Caption-style text data:
.....

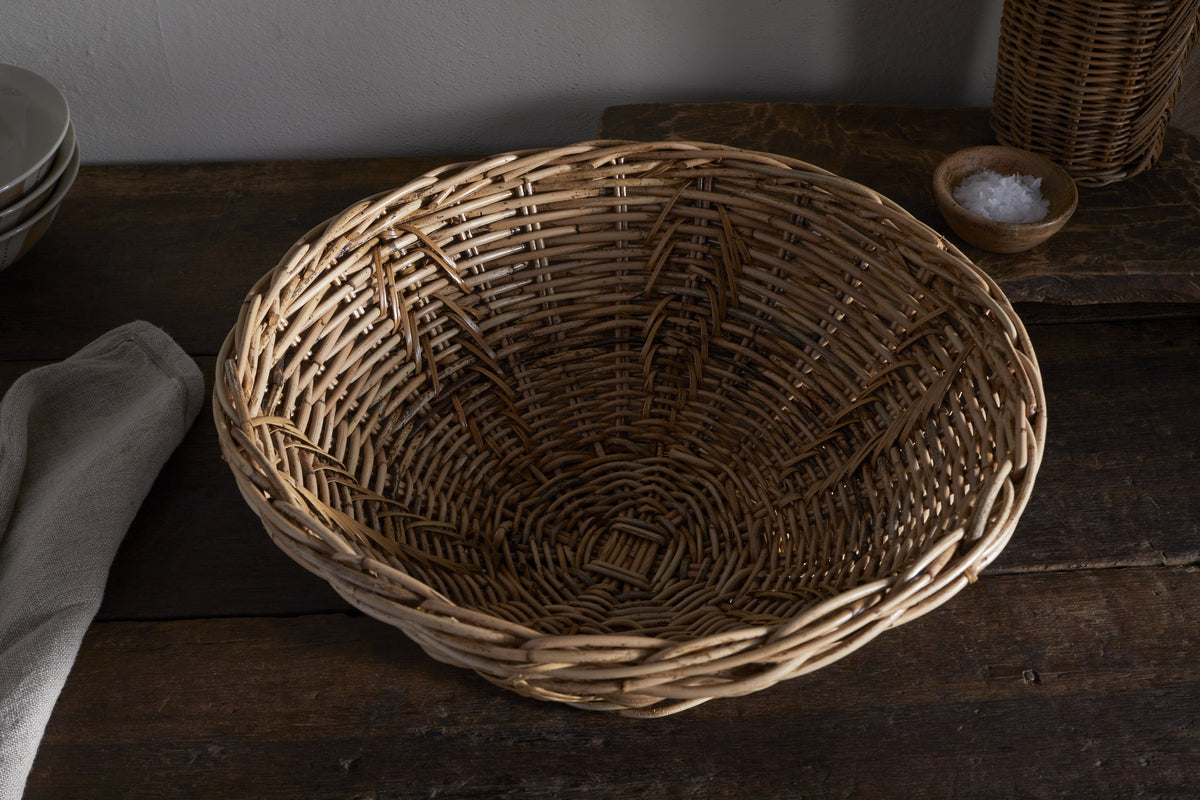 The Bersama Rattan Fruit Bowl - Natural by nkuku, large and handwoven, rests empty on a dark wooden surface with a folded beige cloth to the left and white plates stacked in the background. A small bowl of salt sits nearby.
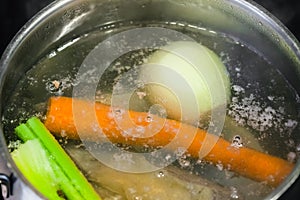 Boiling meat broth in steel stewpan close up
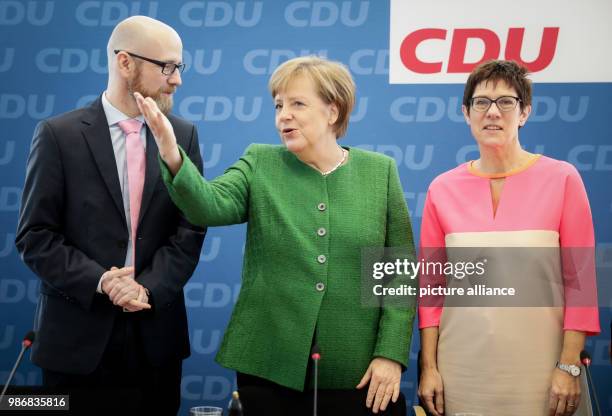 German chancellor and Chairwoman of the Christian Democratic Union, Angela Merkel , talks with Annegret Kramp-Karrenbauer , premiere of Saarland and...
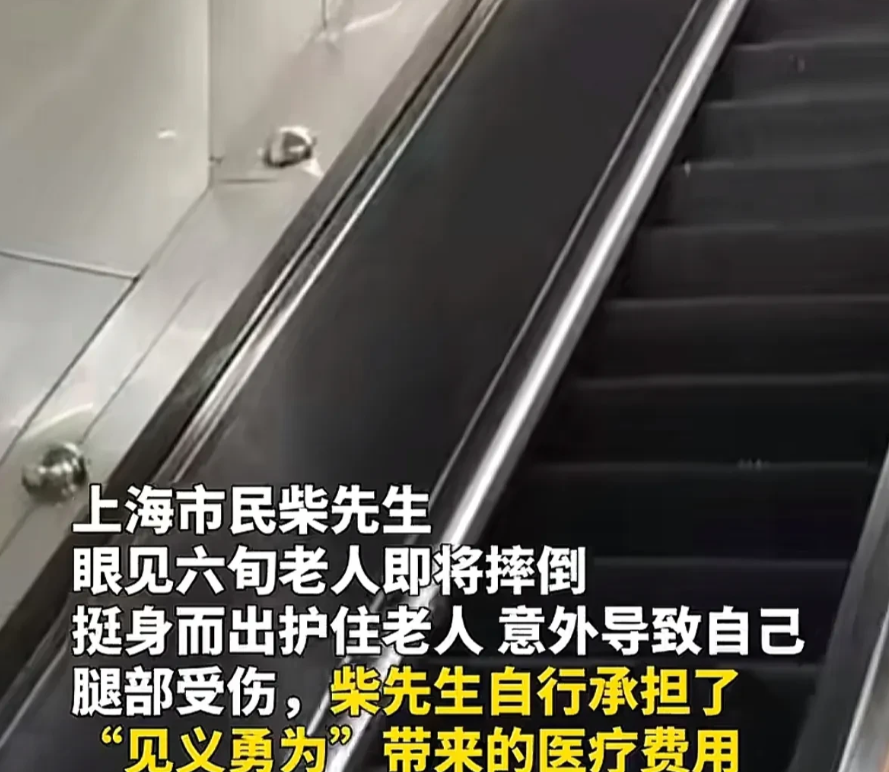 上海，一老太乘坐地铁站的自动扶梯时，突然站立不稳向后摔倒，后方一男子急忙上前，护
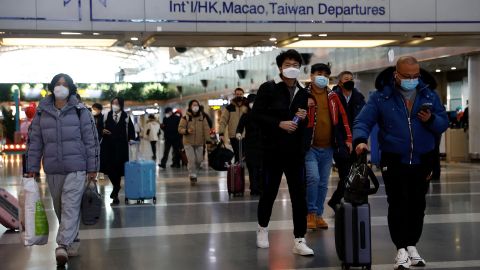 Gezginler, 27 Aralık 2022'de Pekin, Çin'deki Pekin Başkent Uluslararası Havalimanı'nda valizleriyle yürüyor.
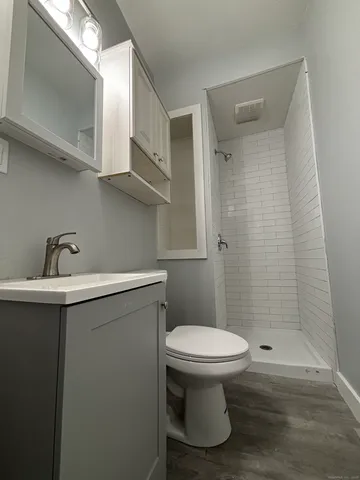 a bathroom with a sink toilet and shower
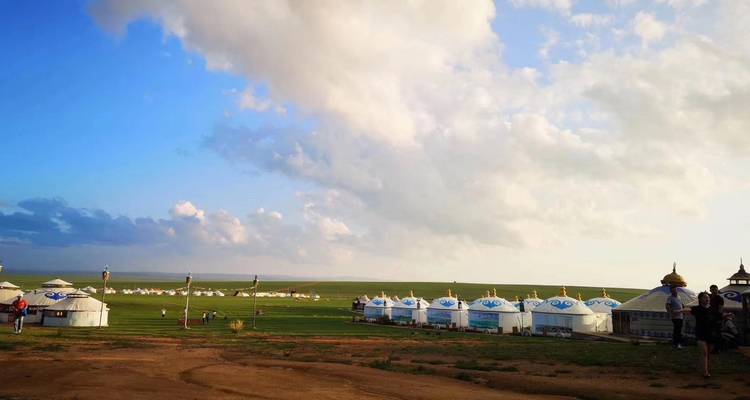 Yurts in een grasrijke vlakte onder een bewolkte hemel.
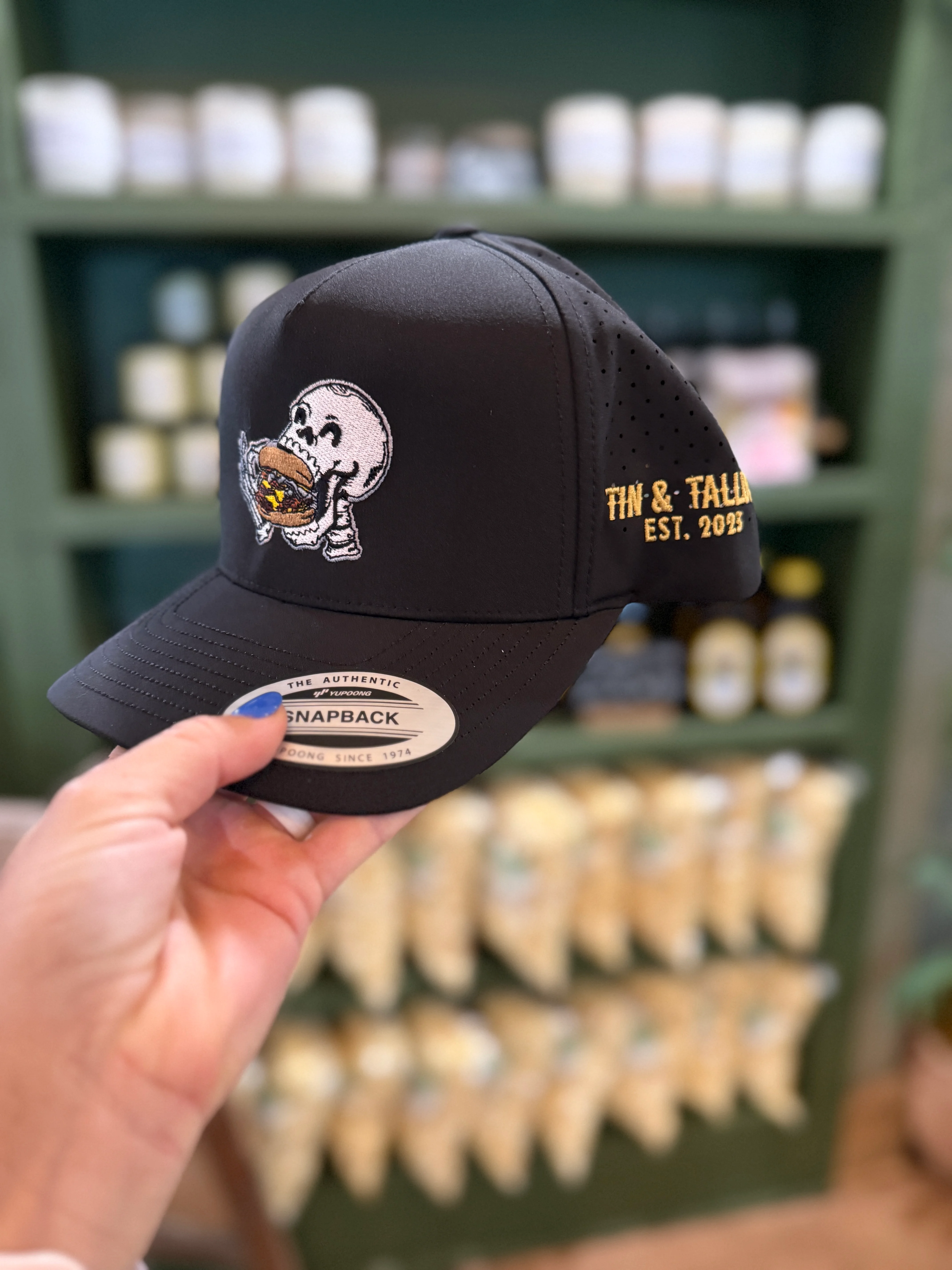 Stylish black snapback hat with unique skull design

.....

An answer that restates all the entries exactly and drops the images is what is needed.

### Result below
 The Bersama Rattan Fruit Bowl - Natural by nkuku, large and handwoven, rests empty on a dark wooden surface with a folded beige cloth to the left and white plates stacked in the background. A small bowl of salt sits nearby.
 Boiling meat broth in steel stewpan close up
 German chancellor and Chairwoman of the Christian Democratic Union, Angela Merkel , talks with Annegret Kramp-Karrenbauer , premiere of Saarland and...
 上海，一老太乘坐地铁站的自动扶梯时，突然站立不稳向后摔倒，后方一男子急忙上前，护
 Gezginler, 27 Aralık 2022'de Pekin, Çin'deki Pekin Başkent Uluslararası Havalimanı'nda valizleriyle yürüyor.
 a bathroom with a sink toilet and shower
 Yurts in een grasrijke vlakte onder een bewolkte hemel.
 Stylish black snapback hat with unique skull design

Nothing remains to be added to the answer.